The time needed for TEE assessment is a concern. Even for experienced examiners, it can be difficult and time-consuming to diagnose unexpected events. This is exactly the reason why a flowchart for CPR-TEE is presented here: when and what to check during CPR. Although undetected events may be present, such as thrombus formation in the arch branches in a patient with PTE,15 because cardiac arrest per se is an unforeseen event, further exploration for such events is not always needed unless hemodynamics or other findings are accounted for with the known data. Nonetheless, the time needed for assessment depends on the experience of the examiner, and thus education is important. A number of teaching materials that are currently available would be helpful for learning assessment in the above 3 categories, as the number of pathologies to be checked is limited. If emergency physicians are unfamiliar with TEE, experienced cardiologists or anesthesiologists can cooperate as a team because they may be involved in subsequent treatment.

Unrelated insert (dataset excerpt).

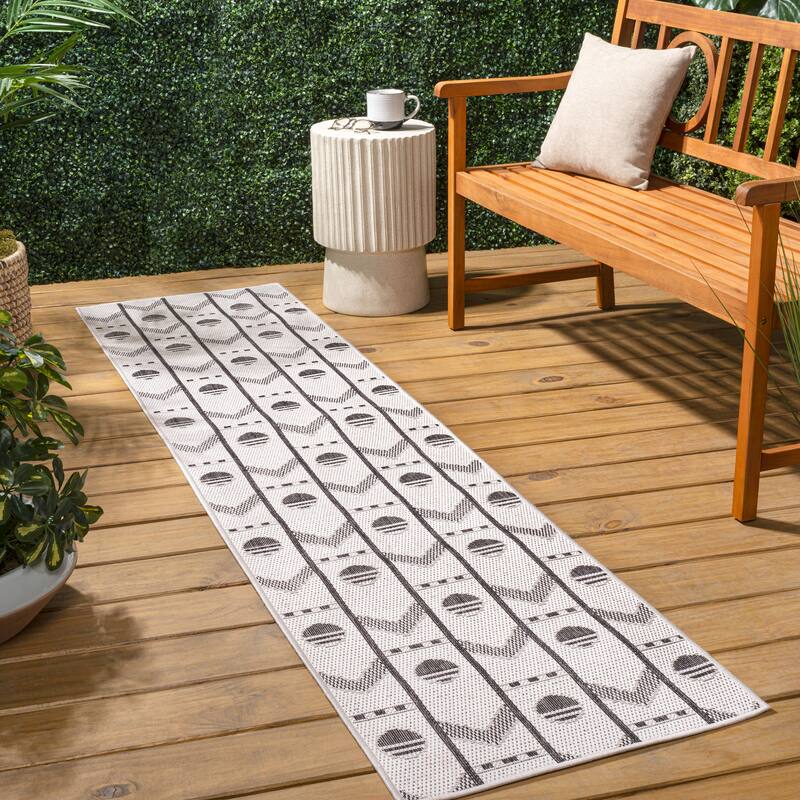 JONATHAN Y Soren Modern Geometri Indoor/Outdoor Area Rug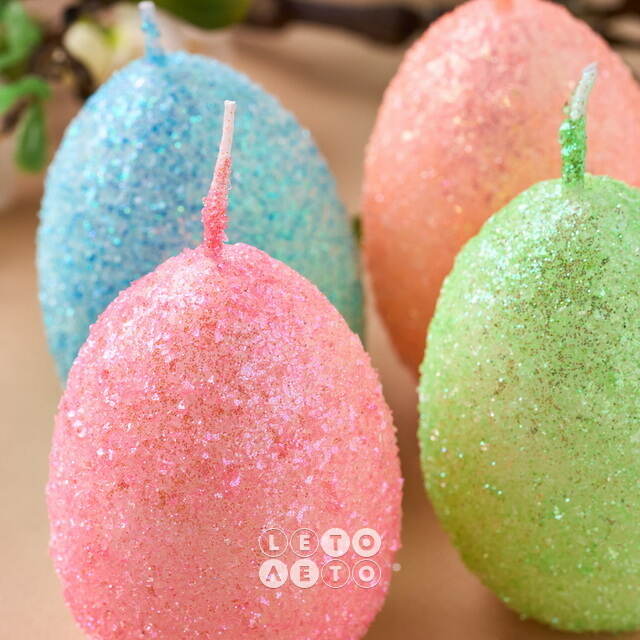 Набор пасхальных свечей Pastel Easter 7 см, 4 шт Омский Свечной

It should be stressed that CPR-TEE does not obscure the standard CPR procedures, but potentially optimizes them by providing information that would not be obtained otherwise, as shown in the representative cases. The author hopes that the flowchart of CPR-TEE will be helpful for this purpose.
Nothing to declare.
Granted an exemption from requiring ethics approval by institutional ethics committee of Kochi Medical School.